Donc oui, malheureusement, le modèle veut que pour que ce type de jeux survive, on doit passer par un prix élevé. Cette niche est inélastique, mais la bonne nouvelle c’est que ces titres bénéficient d’un suivi hors pair et on propose encore des mises à jour plusieurs années après la sortie.
Steam est de toute façon incontournable, et on y retrouve à présent plusieurs titres Matrix. Qu’est-ce qui décide que CMANO — très technique — apparaît sur steam, et pas les Gary Grigsby, par exemple ?

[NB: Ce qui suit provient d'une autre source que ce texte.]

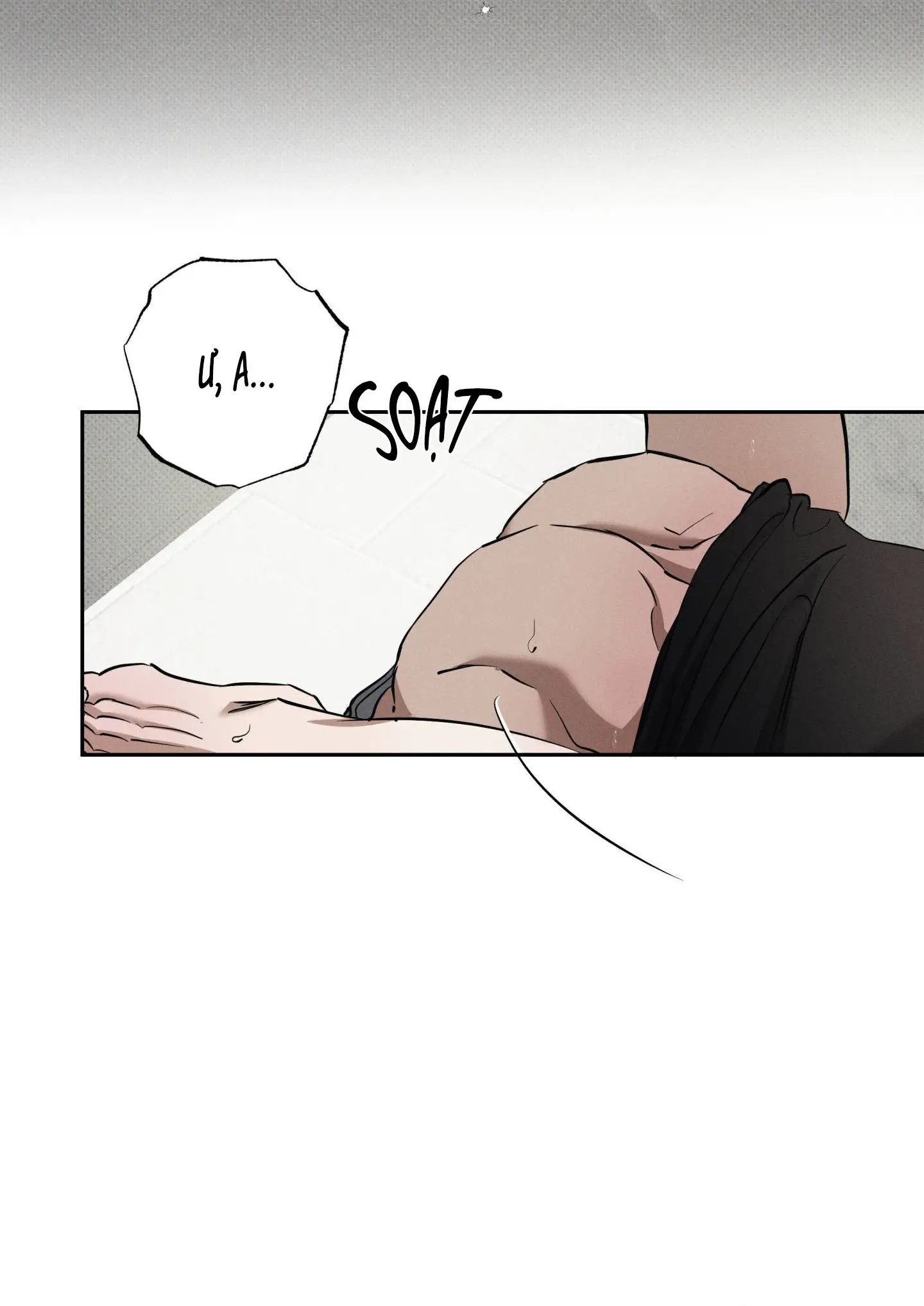 Chó Săn Của Sisyphus Chap 29 - Next Chap 30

On a entendu votre appel et Gary Grigsby’s War in the East est désormais sur Steam (depuis juillet) ! Plus sérieusement, on aime beaucoup faire des tests et voir la réaction du public. A force de collecter des données, on commence à comprendre où se trouvent les opportunités. On a la chance d’avoir une communauté fidèle chez Matrix Games, qui aime acheter les jeux sur notre boutique. Il ne faut pas renier cela, donc Steam est un excellent complément quand il s’agit de jeux hardcores.
Une question plus personnelle pour finir, parce que c’est un peu la guerre de religion des wargamers ... Es-tu plutôt tour-par-tour alterné ou simultané ? A moins que le temps réel ne l’emporte ?
Plus jeune (même si je n’ai que 27 ans !), je ne jurais que par le temps réel. J’étais accro de jeux comme Sudden Strike 2, Blitzkrieg ou Cossacks. Mais quand je lance un RTS à l’heure actuelle, je me sens complètement perdu et ne prends plus aucun plaisir. Donc clairement je suis du côté du tour par tour. J’aime prendre le temps de réfléchir, de peser le pour et le contre de chacune de mes décisions ; ce qui ne m’empêche pas d’en prendre souvent de mauvaises d’ailleurs ! Choisir entre I go You go et Wego [2] est en revanche plus difficile. Je trouve le Wego plus captivant mais aussi beaucoup plus difficile à réaliser en termes de design. Donc match nul : j’ai autant de plaisir dans Pike and Shot que dans Flashpoint Campaigns : Red Storm.
Notes
[1] Ce bundle comptait Conquest Medieval Realms, Frontline Road to Moscow, Battle Academy et Rise of Prussia Gold pour un montant minimum de $1 ; plus Hell et Qvadriga dès $6 ; et enfin plus Close Combat : Gateway to Caen pour $10.
[2] Respectivement tours alternés (j’y vais puis tu y vas) ou simultanés (on y va ensemble).
Vos commentaires
BlackLabel # Le 12 septembre 2015 à 13:36
B)
Cette réplique qui résume mon expérience étalée sur 17 ans de Final Fantasy Tactics.